Find Us On Social Media :

Guling, Bahan Ejekan yang Meninggalkan Kesan

By Chatarina Komala, Kamis, 18 Desember 2014 | 19:30 WIB

Guling, Bahan Ejekan yang Meninggalkan Kesan

Intisari-Online.com - Tradisi memeluk guling ketika tidur tidak akan Anda temukan di Eropa atau Amerika. Kebiasaan ini memang khas Indonesia serta beberapa negara Asia, sebagai peninggalan dari masa kolonialisme.

Di Indonesia, tradisi memeluk guling lahir dari kebudayaan Indisch abad ke-18 atau ke-19. Percampuran kebudayaan Eropa, Indonesia, dan China ini awalnya dianggap aneh dan cenderung menjadi bahan ejekan orang-orang Inggris dan Eropa lainnya, terhadap bangsa Belanda.

Bisa jadi ini merupakan bentuk kecemburuan terhadap masa keemasan Belanda saat itu.

Dalam bahasa Inggris, guling disebut sebagai 'Dutch wife', yang sebenarnya adalah olok-olokan terhadap Belanda yang dinilai pelit. Olok-oloknya: guling itu digunakan para serdadu Belanda untuk menggantikan istri di tanah jajahan. Lucunya, saat berada di Indonesia, orang Inggris rupanya juga doyan "memeluk guling". Gantian orang Belanda menciptakan istilah: British doll, seperti dikatakan oleh Partotenojo dalam novel Jejak Langkah (1985).

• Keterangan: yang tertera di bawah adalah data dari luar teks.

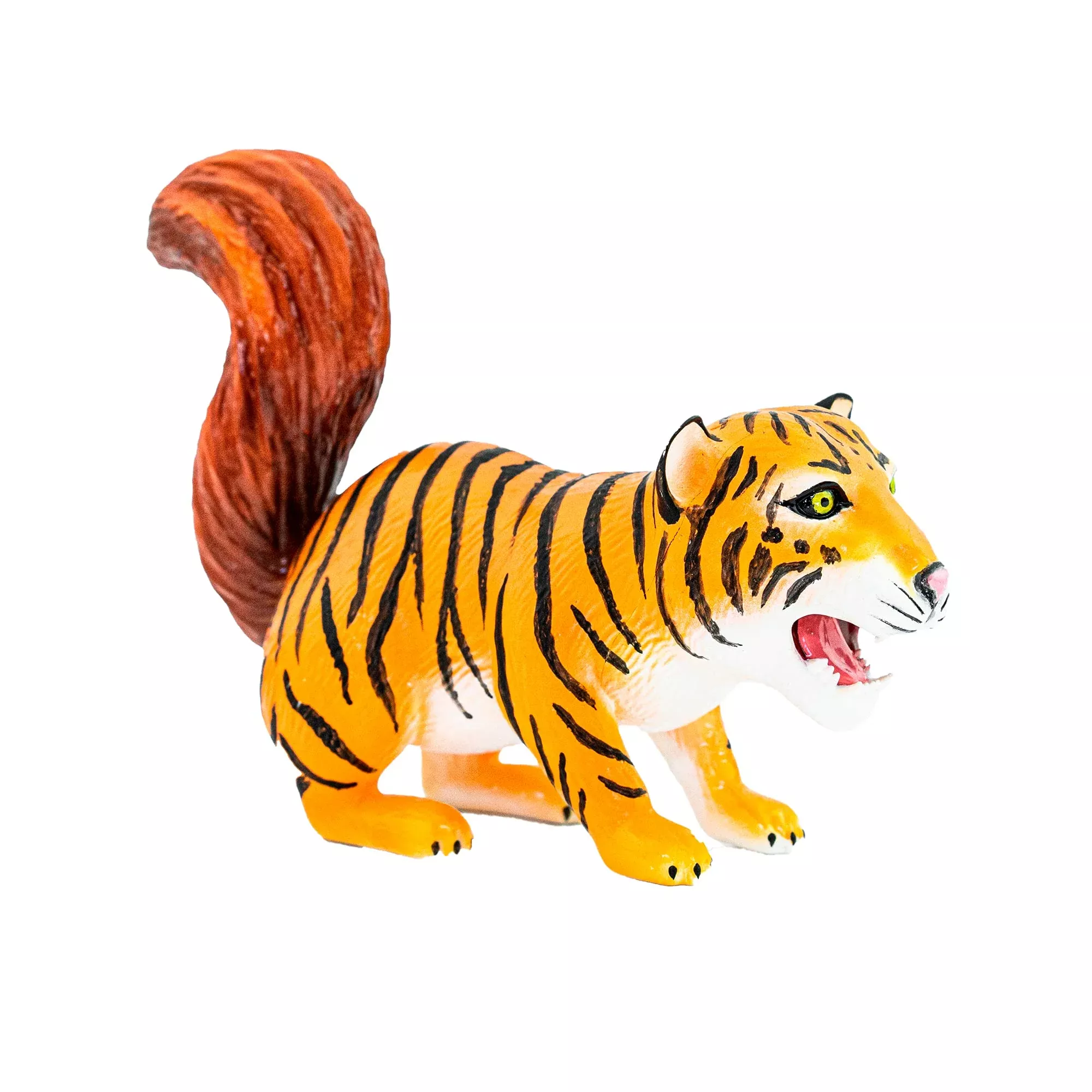 Randimals Tiger With Squirrel Tail Figurine Toy 5”, Premium Hard Rubbe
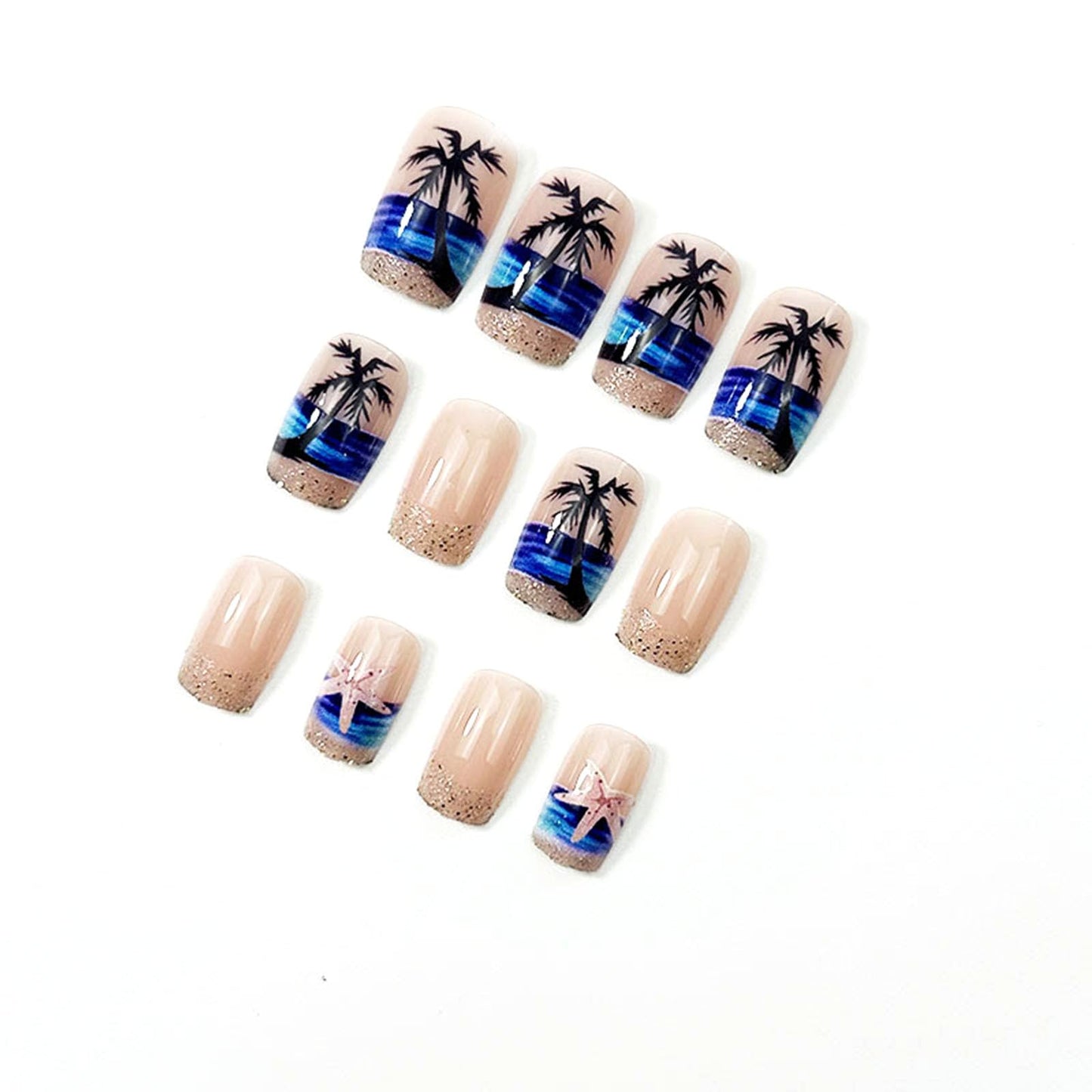 Summer Press on Nails Medium Square Fake Nails with Black Coconut Trees Stars Golden Glitter Designs Glossy Nails Press ons Nude Glue on Nails Acrylic Artificial Stick on Nails for Women 24Pcs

Di kalangan masyarakat pribumi, guling hanya dimiliki oleh kaum atas atau priyayi. Pemakaian guling menjadi semakin populer karena antara lain, orang suka meniru gaya hidup priyayi.

Popularitas guling juga dapat ditemui di Asia Timur, seperti Korea, China, dan Jepang. Hanya saja, nama dan bentuknya berbeda. Di China, guling terbuat dari anyaman bambu tipis, seukuran manusia. Bagian dalamnya yang berongga dipercaya dapat mengalirkan udara dan menyerap keringat di kaki untuk mengurangi rasa panas saat tidur.